BRIEF ▸
Nothing but a full, exact copy of the data is needed.

───── MATERIAL FOR THIS TASK

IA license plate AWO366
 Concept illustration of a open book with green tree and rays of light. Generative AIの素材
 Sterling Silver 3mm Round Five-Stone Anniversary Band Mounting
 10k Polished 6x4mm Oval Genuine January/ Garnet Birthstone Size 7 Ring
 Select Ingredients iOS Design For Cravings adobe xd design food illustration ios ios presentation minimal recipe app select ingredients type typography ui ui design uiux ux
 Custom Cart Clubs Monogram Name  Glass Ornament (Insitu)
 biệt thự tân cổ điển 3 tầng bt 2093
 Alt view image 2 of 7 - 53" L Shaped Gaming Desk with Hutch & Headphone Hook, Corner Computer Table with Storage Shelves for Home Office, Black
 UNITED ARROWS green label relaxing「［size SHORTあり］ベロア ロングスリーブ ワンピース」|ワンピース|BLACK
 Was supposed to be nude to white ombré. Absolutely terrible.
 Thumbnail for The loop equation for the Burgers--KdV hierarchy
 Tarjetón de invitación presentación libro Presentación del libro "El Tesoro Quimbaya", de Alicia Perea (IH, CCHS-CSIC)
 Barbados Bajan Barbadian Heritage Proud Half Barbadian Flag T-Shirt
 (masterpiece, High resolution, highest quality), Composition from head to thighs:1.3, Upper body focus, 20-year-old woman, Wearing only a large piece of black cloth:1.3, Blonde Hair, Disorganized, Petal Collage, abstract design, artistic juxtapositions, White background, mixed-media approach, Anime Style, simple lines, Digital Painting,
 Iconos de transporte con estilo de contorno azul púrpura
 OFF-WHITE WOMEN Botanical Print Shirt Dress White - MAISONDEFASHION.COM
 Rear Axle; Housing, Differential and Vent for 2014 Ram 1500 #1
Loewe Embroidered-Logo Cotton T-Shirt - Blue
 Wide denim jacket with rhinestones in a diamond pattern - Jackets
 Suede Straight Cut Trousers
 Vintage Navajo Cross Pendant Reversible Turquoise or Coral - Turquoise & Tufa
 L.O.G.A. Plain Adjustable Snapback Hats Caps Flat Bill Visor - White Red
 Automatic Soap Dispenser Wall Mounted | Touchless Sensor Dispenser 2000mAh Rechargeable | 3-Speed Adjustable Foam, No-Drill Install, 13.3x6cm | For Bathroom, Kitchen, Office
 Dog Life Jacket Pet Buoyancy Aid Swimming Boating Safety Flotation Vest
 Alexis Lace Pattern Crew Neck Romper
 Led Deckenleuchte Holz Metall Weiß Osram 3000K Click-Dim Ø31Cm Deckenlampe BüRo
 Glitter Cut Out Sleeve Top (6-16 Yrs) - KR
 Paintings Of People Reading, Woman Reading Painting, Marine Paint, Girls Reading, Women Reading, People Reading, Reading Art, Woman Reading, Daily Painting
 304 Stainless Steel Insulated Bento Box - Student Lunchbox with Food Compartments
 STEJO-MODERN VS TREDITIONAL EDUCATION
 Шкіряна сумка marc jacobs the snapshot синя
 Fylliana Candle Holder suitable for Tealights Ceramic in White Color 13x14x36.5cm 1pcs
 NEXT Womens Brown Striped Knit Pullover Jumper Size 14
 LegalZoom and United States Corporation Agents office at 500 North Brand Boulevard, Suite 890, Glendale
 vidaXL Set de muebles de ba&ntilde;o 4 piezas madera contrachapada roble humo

──────────

EXPECTED OUTPUT ▸
IA license plate AWO366
 Concept illustration of a open book with green tree and rays of light. Generative AIの素材
 Sterling Silver 3mm Round Five-Stone Anniversary Band Mounting
 10k Polished 6x4mm Oval Genuine January/ Garnet Birthstone Size 7 Ring
 Select Ingredients iOS Design For Cravings adobe xd design food illustration ios ios presentation minimal recipe app select ingredients type typography ui ui design uiux ux
 Custom Cart Clubs Monogram Name  Glass Ornament (Insitu)
 biệt thự tân cổ điển 3 tầng bt 2093
 Alt view image 2 of 7 - 53" L Shaped Gaming Desk with Hutch & Headphone Hook, Corner Computer Table with Storage Shelves for Home Office, Black
 UNITED ARROWS green label relaxing「［size SHORTあり］ベロア ロングスリーブ ワンピース」|ワンピース|BLACK
 Was supposed to be nude to white ombré. Absolutely terrible.
 Thumbnail for The loop equation for the Burgers--KdV hierarchy
 Tarjetón de invitación presentación libro Presentación del libro "El Tesoro Quimbaya", de Alicia Perea (IH, CCHS-CSIC)
 Barbados Bajan Barbadian Heritage Proud Half Barbadian Flag T-Shirt
 (masterpiece, High resolution, highest quality), Composition from head to thighs:1.3, Upper body focus, 20-year-old woman, Wearing only a large piece of black cloth:1.3, Blonde Hair, Disorganized, Petal Collage, abstract design, artistic juxtapositions, White background, mixed-media approach, Anime Style, simple lines, Digital Painting,
 Iconos de transporte con estilo de contorno azul púrpura
 OFF-WHITE WOMEN Botanical Print Shirt Dress White - MAISONDEFASHION.COM
 Rear Axle; Housing, Differential and Vent for 2014 Ram 1500 #1
Loewe Embroidered-Logo Cotton T-Shirt - Blue
 Wide denim jacket with rhinestones in a diamond pattern - Jackets
 Suede Straight Cut Trousers
 Vintage Navajo Cross Pendant Reversible Turquoise or Coral - Turquoise & Tufa
 L.O.G.A. Plain Adjustable Snapback Hats Caps Flat Bill Visor - White Red
 Automatic Soap Dispenser Wall Mounted | Touchless Sensor Dispenser 2000mAh Rechargeable | 3-Speed Adjustable Foam, No-Drill Install, 13.3x6cm | For Bathroom, Kitchen, Office
 Dog Life Jacket Pet Buoyancy Aid Swimming Boating Safety Flotation Vest
 Alexis Lace Pattern Crew Neck Romper
 Led Deckenleuchte Holz Metall Weiß Osram 3000K Click-Dim Ø31Cm Deckenlampe BüRo
 Glitter Cut Out Sleeve Top (6-16 Yrs) - KR
 Paintings Of People Reading, Woman Reading Painting, Marine Paint, Girls Reading, Women Reading, People Reading, Reading Art, Woman Reading, Daily Painting
 304 Stainless Steel Insulated Bento Box - Student Lunchbox with Food Compartments
 STEJO-MODERN VS TREDITIONAL EDUCATION
 Шкіряна сумка marc jacobs the snapshot синя
 Fylliana Candle Holder suitable for Tealights Ceramic in White Color 13x14x36.5cm 1pcs
 NEXT Womens Brown Striped Knit Pullover Jumper Size 14
 LegalZoom and United States Corporation Agents office at 500 North Brand Boulevard, Suite 890, Glendale
 vidaXL Set de muebles de ba&ntilde;o 4 piezas madera contrachapada roble humo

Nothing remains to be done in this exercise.